** Dataset records follows **

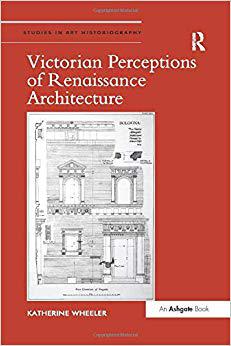 【预售】Victorian Perceptions of Renaissance Architecture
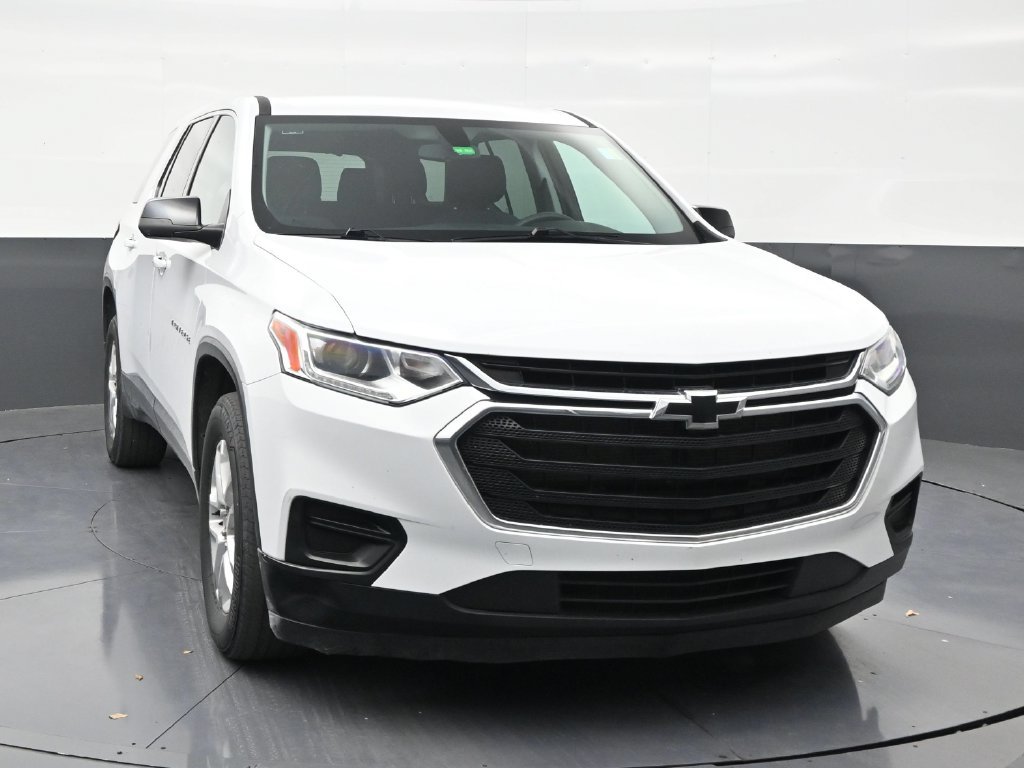 Used 2021 Chevrolet Traverse LS FWD image 7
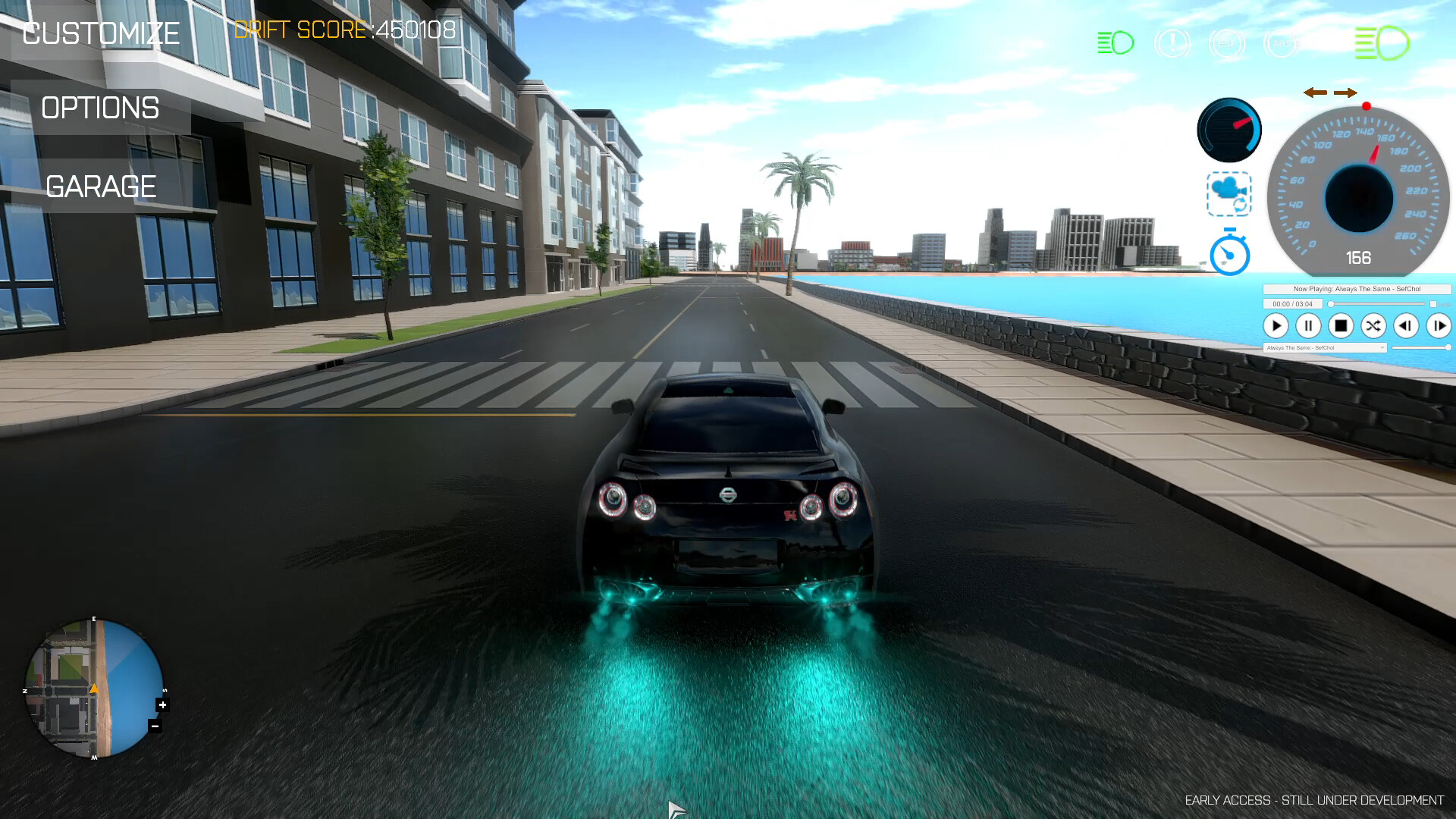 Drift City Underground screenshot 15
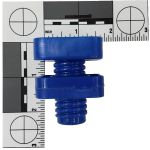 Bolts & Nuts - Plastic Bird Toy Parts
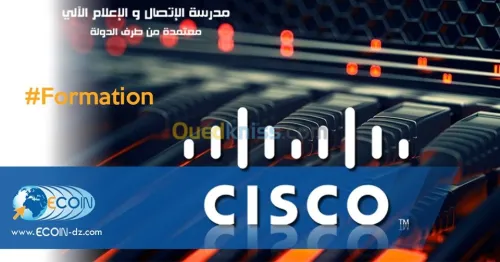formation cisco ICND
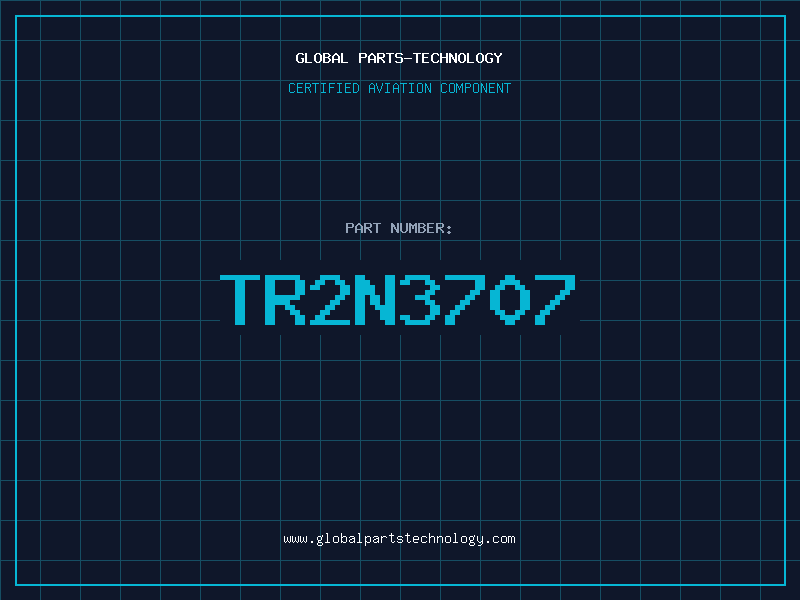 Aviation Part TR2N3707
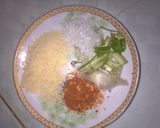 Hình bước làm 2 của món Gà kho ném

** End of Dataset records **

* **Required action**: Would you print the material exactly once more, without any of its pictures?

* **Exercise output**:
 【预售】Victorian Perceptions of Renaissance Architecture
 Used 2021 Chevrolet Traverse LS FWD image 7
 Drift City Underground screenshot 15
 Bolts & Nuts - Plastic Bird Toy Parts
formation cisco ICND
 Aviation Part TR2N3707
 Hình bước làm 2 của món Gà kho ném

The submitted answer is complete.